The writer then directs the interest of the reader to the mirror that is used as a clue to the unsolved mystery in the story as well as a metaphor for the vision to which the reader has no acces throughout the text. Utterson complicates the metaphor by his statement that the mirror witnessed nothing more strange than itself. This is to be seen as a reversal of the roles of the miror and a face, as a mirror looks into the face of someone and sees itself in it, which acts as a metaphor for someone seeing his face in a mirrorcausing a kind of confound identification. The metanarrative use of the mirror is thus positioned between the eckphrastic hope that all will be unveiled and the eckphrastic fear that text is uncapable of full disclosure, precisely as it is not decided between seeing and writing as the most reliable clue to the depth of the happening. The author comments that the narrative itself is a journey into its insides and that it stages a conflict between image and text as methods of subjectivity and identification, as a mirror oppotite self-narration.
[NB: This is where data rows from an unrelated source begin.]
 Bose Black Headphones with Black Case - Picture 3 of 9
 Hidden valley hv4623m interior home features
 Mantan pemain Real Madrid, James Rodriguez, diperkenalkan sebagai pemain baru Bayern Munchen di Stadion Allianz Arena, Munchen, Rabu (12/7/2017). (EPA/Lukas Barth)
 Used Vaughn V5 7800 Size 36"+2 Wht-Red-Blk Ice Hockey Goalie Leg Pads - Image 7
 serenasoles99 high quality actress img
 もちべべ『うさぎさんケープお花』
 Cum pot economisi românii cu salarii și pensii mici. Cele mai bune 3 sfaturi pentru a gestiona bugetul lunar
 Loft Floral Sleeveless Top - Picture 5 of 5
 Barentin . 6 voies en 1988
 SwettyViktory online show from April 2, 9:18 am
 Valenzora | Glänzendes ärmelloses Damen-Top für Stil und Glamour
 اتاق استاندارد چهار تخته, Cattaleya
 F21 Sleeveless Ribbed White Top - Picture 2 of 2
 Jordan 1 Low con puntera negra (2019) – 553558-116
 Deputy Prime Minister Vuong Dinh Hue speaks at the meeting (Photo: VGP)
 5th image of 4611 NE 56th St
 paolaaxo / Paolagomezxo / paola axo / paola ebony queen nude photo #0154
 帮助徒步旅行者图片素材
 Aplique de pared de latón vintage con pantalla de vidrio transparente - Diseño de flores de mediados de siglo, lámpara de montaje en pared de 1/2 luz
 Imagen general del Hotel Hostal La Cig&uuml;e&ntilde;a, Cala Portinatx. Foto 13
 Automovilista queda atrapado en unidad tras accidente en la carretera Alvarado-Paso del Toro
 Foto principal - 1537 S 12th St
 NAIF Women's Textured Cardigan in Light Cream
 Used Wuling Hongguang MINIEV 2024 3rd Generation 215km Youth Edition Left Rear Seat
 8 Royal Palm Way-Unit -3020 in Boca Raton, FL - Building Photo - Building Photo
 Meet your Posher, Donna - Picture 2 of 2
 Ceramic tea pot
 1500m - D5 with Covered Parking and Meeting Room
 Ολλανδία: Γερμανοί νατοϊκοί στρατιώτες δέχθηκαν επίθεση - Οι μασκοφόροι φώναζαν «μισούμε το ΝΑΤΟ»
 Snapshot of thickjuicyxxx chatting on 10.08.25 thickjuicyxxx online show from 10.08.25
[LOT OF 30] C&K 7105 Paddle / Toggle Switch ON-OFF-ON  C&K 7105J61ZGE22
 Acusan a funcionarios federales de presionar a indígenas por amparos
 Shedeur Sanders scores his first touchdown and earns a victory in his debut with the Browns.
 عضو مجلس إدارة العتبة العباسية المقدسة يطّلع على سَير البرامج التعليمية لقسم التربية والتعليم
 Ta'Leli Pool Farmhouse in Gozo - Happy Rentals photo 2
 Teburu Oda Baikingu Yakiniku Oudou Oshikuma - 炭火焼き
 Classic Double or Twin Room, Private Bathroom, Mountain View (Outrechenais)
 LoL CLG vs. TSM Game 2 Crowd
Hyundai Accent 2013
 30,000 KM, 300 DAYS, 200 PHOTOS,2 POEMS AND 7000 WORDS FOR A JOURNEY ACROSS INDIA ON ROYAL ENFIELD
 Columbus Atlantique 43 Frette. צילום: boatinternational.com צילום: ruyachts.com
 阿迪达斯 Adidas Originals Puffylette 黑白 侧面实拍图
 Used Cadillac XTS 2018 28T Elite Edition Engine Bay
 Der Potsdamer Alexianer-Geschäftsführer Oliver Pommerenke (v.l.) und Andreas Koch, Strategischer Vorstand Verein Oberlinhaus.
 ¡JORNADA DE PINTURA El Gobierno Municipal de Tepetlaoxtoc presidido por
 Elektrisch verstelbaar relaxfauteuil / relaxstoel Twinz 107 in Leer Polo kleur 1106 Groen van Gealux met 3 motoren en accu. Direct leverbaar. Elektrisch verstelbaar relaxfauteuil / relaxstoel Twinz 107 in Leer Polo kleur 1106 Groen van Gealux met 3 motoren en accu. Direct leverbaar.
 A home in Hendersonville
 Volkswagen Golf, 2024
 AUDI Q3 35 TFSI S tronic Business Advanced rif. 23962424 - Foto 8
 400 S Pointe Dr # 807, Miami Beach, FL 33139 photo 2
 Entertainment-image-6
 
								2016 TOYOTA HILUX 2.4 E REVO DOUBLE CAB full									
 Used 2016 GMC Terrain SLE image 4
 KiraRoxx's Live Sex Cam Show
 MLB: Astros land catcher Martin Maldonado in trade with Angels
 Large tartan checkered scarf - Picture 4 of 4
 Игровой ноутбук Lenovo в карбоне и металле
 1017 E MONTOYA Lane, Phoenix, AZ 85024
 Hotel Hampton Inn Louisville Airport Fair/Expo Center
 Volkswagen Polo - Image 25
Currie ends the chapter defining his ideas about self-conscious self-consciousness referring to what he stated at the beginning. He thinks that self-consciousness is put in the same logical position as lying and explains that one must deny inventing oneself in the process of first person narrative to believe that one is discovering oneself and declares that the same is true about the relationship of narrative and narratology and it is the only way to make sense of the idea associated with critics like Paul de Man and J. Hillis Miller, that deconstruction is done by text to itself without intervention by the critic. He then expounds that the reading he has offered imitates a whole generation of critics who see texts as allegories and who imply that this is what text is about. Currie confesses that he rewrote a text as if it were about literary and cultural theory and that he did not choose the text himself but that it was chosen by the editor of the transition series and he only made it co-operate. He admits that he forced the text to say what he wanted it to and selected the parts according to his theory and he interprets the relation between a text and its reading as the poles of of objectivity and subjectivity which are bound together in interaction. Finally, Currie professes that he wanted to “observe that criticism, for all its recent self-consciousness about its active production of the object, has never really escaped the dualism of subject-object relations and has resorted to a strategy which is much more pernicious.”(p.134) The prescriptive theory has been substituted with something completely non-theoretical, however this idea of non-theoretic theoretical metaphor is an unwanted side effect and his reading proposes Stevenson’s mirror being such a metaphor as an “unwitting allegory for everything”.(p. 134)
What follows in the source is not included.